WORK REQUEST – Output range, inclusive: from the line containing "Foto 18 de Apartamento" to the line containing "29.06.2025 - hella". Restate those lines from the data below word for word and only those.

[Stored data]
___

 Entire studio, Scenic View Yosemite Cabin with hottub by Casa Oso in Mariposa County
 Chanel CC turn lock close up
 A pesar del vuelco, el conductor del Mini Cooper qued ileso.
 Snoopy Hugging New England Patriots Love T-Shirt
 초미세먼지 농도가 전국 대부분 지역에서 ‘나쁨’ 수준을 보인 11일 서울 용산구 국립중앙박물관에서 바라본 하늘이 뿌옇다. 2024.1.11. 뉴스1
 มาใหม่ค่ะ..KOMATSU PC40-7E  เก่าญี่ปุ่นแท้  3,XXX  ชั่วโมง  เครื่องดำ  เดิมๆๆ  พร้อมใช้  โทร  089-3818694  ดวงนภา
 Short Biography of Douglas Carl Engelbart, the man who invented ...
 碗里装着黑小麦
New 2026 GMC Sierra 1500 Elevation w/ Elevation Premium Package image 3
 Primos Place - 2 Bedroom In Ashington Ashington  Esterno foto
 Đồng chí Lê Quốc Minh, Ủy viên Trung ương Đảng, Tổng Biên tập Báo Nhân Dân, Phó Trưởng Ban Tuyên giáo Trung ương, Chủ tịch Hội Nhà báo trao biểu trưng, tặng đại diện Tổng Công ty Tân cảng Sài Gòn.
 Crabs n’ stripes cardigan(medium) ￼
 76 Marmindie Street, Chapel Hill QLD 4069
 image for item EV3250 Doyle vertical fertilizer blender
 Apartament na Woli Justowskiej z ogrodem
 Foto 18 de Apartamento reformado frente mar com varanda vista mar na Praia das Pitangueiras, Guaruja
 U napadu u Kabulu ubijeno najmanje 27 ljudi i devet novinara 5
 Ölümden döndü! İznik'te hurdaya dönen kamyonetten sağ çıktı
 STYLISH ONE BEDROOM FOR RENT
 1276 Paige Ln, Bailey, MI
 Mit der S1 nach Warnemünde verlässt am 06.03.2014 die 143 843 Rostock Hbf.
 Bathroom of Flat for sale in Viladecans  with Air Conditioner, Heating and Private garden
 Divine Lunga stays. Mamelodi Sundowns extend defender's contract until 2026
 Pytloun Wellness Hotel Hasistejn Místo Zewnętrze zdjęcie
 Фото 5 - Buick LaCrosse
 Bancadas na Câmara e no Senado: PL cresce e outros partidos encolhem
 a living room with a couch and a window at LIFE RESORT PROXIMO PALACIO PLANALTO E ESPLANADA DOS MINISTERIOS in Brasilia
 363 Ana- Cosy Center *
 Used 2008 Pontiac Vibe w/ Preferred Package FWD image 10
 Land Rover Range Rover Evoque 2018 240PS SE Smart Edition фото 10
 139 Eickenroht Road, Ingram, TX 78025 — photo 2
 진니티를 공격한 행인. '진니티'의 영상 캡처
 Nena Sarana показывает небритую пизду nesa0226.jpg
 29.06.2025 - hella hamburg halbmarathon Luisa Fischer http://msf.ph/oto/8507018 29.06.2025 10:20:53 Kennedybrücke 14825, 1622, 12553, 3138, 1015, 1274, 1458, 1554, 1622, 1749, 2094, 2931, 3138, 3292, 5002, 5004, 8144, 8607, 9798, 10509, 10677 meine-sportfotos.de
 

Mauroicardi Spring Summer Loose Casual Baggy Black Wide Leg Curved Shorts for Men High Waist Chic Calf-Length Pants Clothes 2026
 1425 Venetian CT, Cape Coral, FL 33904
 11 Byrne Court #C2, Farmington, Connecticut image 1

___

ANSWER BELOW –
 Foto 18 de Apartamento reformado frente mar com varanda vista mar na Praia das Pitangueiras, Guaruja
 U napadu u Kabulu ubijeno najmanje 27 ljudi i devet novinara 5
 Ölümden döndü! İznik'te hurdaya dönen kamyonetten sağ çıktı
 STYLISH ONE BEDROOM FOR RENT
 1276 Paige Ln, Bailey, MI
 Mit der S1 nach Warnemünde verlässt am 06.03.2014 die 143 843 Rostock Hbf.
 Bathroom of Flat for sale in Viladecans  with Air Conditioner, Heating and Private garden
 Divine Lunga stays. Mamelodi Sundowns extend defender's contract until 2026
 Pytloun Wellness Hotel Hasistejn Místo Zewnętrze zdjęcie
 Фото 5 - Buick LaCrosse
 Bancadas na Câmara e no Senado: PL cresce e outros partidos encolhem
 a living room with a couch and a window at LIFE RESORT PROXIMO PALACIO PLANALTO E ESPLANADA DOS MINISTERIOS in Brasilia
 363 Ana- Cosy Center *
 Used 2008 Pontiac Vibe w/ Preferred Package FWD image 10
 Land Rover Range Rover Evoque 2018 240PS SE Smart Edition фото 10
 139 Eickenroht Road, Ingram, TX 78025 — photo 2
 진니티를 공격한 행인. '진니티'의 영상 캡처
 Nena Sarana показывает небритую пизду nesa0226.jpg
 29.06.2025 - hella hamburg halbmarathon Luisa Fischer http://msf.ph/oto/8507018 29.06.2025 10:20:53 Kennedybrücke 14825, 1622, 12553, 3138, 1015, 1274, 1458, 1554, 1622, 1749, 2094, 2931, 3138, 3292, 5002, 5004, 8144, 8607, 9798, 10509, 10677 meine-sportfotos.de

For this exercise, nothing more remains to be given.